Wednesday, June 23, 2010

Opening Gambit

We like to think others will care for and about what we write. Um, no; this is a dangerous presupposition to which some of us add further momentum with the fiction that any manuscript or notebook left unguarded or not copyrighted will have the shelf life of an unlocked bicycle in the parking lot of a shopping mall.


Dream on, you say, because in large measure we do in fact dream on, artful in our construction of conspiracy theory. The true national anthem of the American writer is not "O, say can you see..." but rather "O, what will they steal from me?"

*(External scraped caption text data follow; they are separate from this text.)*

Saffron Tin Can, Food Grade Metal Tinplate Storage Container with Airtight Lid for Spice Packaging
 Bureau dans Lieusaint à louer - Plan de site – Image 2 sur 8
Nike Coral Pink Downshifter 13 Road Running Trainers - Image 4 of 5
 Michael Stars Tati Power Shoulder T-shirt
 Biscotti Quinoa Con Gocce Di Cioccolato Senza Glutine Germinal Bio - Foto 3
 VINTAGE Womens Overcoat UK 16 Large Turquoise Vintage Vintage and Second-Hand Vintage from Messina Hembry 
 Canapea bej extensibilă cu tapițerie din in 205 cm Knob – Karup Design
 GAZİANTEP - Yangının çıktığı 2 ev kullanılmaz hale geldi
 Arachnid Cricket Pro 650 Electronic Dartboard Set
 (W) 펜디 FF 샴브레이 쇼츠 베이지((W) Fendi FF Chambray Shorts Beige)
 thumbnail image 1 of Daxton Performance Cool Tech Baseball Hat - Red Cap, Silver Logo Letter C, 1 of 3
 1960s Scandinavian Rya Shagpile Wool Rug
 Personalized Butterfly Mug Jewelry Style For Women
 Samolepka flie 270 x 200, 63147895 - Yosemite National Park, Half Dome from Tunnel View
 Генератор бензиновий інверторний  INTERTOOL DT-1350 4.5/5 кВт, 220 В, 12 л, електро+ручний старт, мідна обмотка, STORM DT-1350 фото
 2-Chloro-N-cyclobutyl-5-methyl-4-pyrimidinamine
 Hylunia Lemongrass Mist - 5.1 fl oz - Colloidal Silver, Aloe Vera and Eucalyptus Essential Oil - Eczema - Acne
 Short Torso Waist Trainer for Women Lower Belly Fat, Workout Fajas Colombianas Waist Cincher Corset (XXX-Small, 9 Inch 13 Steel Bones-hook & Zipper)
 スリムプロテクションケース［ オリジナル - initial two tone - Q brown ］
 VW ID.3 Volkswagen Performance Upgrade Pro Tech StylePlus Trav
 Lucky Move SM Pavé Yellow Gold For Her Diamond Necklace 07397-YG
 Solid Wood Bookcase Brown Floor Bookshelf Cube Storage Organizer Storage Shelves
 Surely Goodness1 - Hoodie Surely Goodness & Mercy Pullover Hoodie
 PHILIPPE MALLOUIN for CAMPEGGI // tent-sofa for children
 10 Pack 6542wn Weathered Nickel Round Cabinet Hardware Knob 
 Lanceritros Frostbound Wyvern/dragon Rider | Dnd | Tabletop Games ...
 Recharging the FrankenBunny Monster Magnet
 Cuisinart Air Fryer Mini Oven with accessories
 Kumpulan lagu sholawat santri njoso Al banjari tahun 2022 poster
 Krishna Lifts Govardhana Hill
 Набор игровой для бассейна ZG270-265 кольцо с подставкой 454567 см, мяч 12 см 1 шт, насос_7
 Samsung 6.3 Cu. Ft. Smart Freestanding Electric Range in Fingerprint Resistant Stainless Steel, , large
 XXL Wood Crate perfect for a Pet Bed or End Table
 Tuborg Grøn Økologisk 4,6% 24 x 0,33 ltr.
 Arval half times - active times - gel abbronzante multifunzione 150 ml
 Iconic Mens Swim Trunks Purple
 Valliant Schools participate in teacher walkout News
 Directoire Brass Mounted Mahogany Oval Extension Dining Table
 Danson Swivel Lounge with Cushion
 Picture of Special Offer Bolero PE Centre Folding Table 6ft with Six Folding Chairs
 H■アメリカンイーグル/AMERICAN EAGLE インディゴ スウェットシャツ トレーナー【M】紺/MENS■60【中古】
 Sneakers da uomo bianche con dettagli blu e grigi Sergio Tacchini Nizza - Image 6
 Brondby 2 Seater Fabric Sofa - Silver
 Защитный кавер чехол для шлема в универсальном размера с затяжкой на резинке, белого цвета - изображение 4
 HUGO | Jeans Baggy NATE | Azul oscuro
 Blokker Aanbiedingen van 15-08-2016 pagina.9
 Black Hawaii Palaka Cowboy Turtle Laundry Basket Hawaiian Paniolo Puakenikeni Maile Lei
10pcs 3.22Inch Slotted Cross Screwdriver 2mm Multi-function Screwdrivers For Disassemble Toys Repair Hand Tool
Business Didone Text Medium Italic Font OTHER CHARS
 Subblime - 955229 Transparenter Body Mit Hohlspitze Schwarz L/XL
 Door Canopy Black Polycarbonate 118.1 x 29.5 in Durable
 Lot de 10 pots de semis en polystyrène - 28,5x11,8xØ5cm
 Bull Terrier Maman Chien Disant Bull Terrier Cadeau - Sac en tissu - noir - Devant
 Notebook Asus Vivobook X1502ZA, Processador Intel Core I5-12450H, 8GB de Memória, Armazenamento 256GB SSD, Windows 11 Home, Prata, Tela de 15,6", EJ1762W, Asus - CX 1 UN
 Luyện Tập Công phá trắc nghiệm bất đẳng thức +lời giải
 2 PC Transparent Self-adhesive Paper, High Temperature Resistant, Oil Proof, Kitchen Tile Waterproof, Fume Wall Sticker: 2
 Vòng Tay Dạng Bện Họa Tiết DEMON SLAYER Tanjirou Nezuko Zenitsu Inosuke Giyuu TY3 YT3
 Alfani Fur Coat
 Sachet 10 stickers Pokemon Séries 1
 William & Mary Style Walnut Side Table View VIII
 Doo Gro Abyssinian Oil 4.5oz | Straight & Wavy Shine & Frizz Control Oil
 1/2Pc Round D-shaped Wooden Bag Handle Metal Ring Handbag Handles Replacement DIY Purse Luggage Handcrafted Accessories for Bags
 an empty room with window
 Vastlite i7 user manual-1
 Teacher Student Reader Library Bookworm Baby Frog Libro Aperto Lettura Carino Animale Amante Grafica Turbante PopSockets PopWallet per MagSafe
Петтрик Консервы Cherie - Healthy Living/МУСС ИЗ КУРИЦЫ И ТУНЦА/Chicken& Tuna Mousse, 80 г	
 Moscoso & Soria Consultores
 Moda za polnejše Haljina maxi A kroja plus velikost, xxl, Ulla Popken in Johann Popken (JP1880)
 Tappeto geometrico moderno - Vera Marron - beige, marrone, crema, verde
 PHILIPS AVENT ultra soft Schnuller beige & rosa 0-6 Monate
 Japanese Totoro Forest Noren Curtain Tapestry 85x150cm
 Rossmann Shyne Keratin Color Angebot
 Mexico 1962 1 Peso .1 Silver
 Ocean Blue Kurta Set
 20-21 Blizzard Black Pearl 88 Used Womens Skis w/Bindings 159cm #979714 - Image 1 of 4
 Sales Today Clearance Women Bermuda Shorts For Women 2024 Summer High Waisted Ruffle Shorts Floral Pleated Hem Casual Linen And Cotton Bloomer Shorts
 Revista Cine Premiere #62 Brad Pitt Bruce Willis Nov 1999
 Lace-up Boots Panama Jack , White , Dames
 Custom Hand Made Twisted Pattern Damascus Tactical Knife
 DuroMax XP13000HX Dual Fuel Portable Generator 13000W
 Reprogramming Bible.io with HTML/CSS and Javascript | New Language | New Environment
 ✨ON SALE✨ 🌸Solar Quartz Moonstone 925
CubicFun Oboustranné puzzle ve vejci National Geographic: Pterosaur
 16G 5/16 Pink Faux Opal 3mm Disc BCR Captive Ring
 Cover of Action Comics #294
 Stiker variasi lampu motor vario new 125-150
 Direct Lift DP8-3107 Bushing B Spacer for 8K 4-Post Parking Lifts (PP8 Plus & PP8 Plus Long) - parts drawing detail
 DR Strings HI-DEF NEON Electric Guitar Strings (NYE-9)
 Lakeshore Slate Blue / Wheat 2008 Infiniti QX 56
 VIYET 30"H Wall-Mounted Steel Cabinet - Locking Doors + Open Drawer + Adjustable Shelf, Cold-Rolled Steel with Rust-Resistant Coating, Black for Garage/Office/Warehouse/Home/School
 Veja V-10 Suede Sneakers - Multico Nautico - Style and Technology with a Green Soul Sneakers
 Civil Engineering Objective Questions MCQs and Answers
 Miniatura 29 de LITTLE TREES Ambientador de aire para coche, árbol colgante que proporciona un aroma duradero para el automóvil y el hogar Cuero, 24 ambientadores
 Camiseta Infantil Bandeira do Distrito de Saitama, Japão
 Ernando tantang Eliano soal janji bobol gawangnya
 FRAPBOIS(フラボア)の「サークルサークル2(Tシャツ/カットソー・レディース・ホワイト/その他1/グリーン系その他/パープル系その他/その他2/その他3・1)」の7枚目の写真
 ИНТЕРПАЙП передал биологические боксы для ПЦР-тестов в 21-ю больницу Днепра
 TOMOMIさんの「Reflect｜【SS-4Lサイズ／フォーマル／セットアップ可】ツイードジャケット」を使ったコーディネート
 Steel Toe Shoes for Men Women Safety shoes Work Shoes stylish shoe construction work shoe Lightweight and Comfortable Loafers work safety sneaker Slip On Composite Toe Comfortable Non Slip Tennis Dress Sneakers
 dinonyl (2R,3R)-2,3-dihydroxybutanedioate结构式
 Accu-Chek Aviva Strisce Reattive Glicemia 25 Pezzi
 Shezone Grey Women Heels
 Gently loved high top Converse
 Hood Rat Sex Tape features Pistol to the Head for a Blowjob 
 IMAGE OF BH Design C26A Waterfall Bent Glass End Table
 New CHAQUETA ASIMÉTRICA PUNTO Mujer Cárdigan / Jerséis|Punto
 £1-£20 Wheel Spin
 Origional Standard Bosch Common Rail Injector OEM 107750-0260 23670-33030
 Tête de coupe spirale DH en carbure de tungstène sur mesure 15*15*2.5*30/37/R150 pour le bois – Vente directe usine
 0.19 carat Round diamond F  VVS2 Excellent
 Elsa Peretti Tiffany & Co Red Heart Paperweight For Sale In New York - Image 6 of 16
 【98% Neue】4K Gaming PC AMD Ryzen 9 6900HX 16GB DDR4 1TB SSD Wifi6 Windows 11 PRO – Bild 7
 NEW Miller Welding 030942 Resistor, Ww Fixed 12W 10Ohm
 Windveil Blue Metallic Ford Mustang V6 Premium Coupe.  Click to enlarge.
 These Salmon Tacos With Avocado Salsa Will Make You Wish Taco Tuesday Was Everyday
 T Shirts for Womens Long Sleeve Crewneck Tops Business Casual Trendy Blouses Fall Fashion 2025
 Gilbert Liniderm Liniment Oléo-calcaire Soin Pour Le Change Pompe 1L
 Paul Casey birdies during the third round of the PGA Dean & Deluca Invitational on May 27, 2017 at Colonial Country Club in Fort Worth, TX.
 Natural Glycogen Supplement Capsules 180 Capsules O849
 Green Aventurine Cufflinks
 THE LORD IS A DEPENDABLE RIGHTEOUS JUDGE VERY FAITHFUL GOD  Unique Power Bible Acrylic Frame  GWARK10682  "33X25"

A sad truth: Much of the written material produced in any given day fails to grab interest from anyone other than the person who wrote it and even then, reader involvement is questionable, tricky. An intimate diary, left at such potentially fecund venues as a coffee shop, airport waiting area, or a college class room would probably go unread without some intervention advertising the lascivious contents to be found inside.

The entry way to making the reader care is nestled between the narrative voice and something or someone the narrator passionately wants (or wants to do), underscored by the narrator's disclosure or unwitting revelation that the thing wanted (or wanted done) is essentially taboo. It is not merely enough for a character to want something; the character must be able to see the consequences of achieving the desired object will cause some notable consequences. Or the possibility that the narrator could be hurt. Or betrayed.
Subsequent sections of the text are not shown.